## [WHAT IS NEEDED]
Each line of the material should be set down exactly. Pictures are not part of the copy.

## [RECORDED INFORMATION]
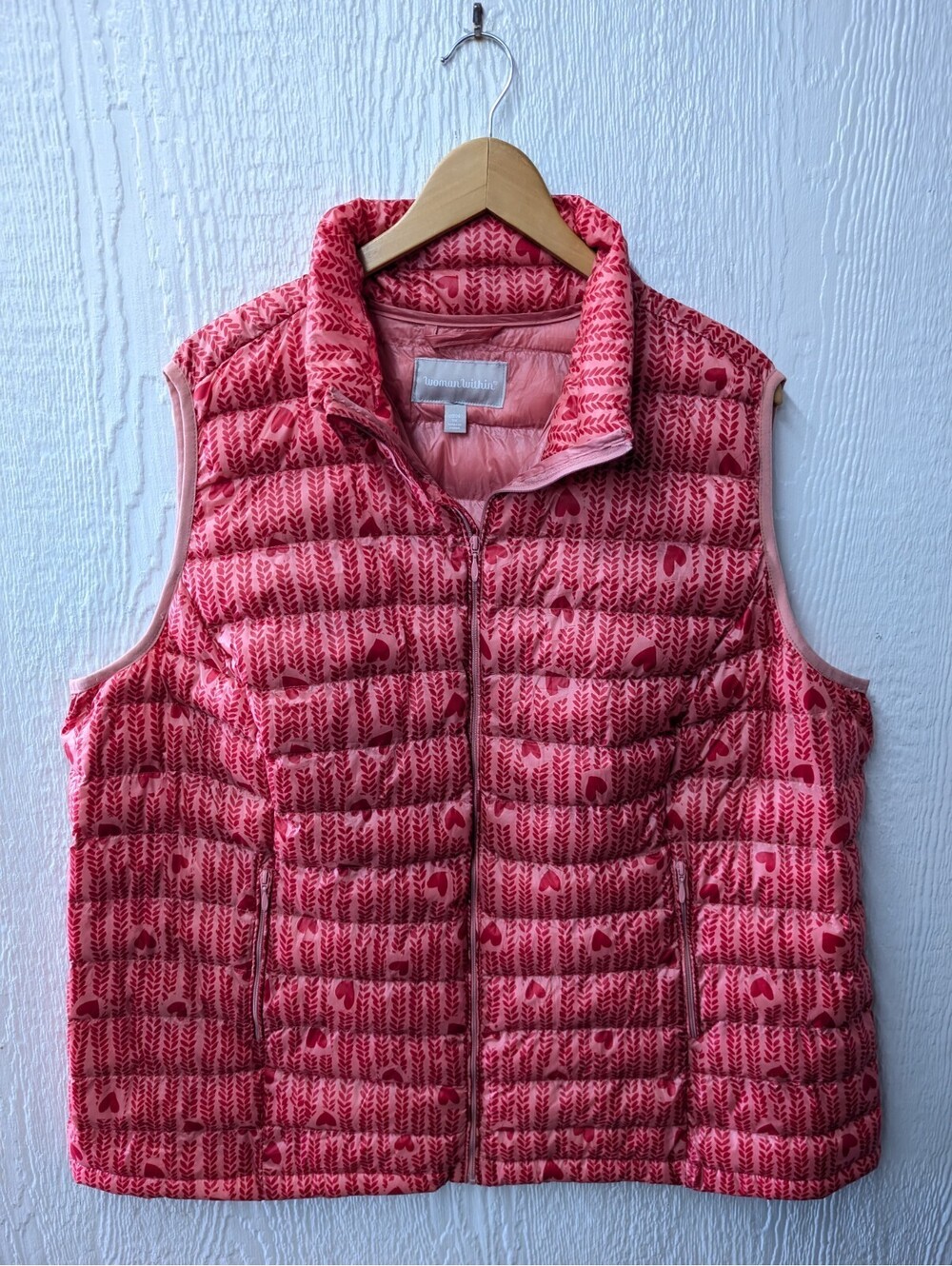 Woman Within Pink Red Hearts Puffer Vest Winter Outdoors Plus Size 1X 22/24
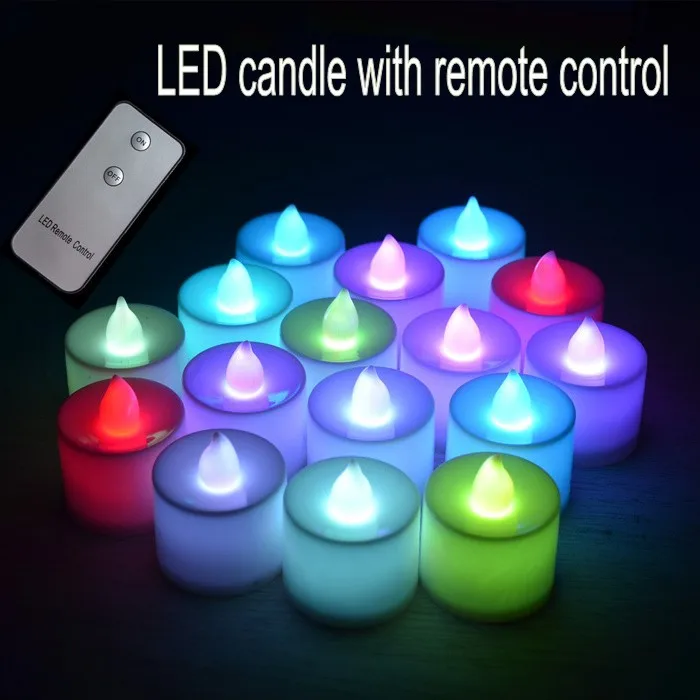 Remote Control Candle LED Tea Light Smokeless Electronic Color Changing flamelessCandles Wedding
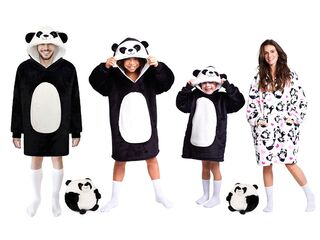 Obrázek 1 produktu Deka hřejivá mikinová s kapucí Panda Cozy Noxxiez CH367, teenageři a dospělí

## [TASK OUTPUT]
 Woman Within Pink Red Hearts Puffer Vest Winter Outdoors Plus Size 1X 22/24
 Remote Control Candle LED Tea Light Smokeless Electronic Color Changing flamelessCandles Wedding
 Obrázek 1 produktu Deka hřejivá mikinová s kapucí Panda Cozy Noxxiez CH367, teenageři a dospělí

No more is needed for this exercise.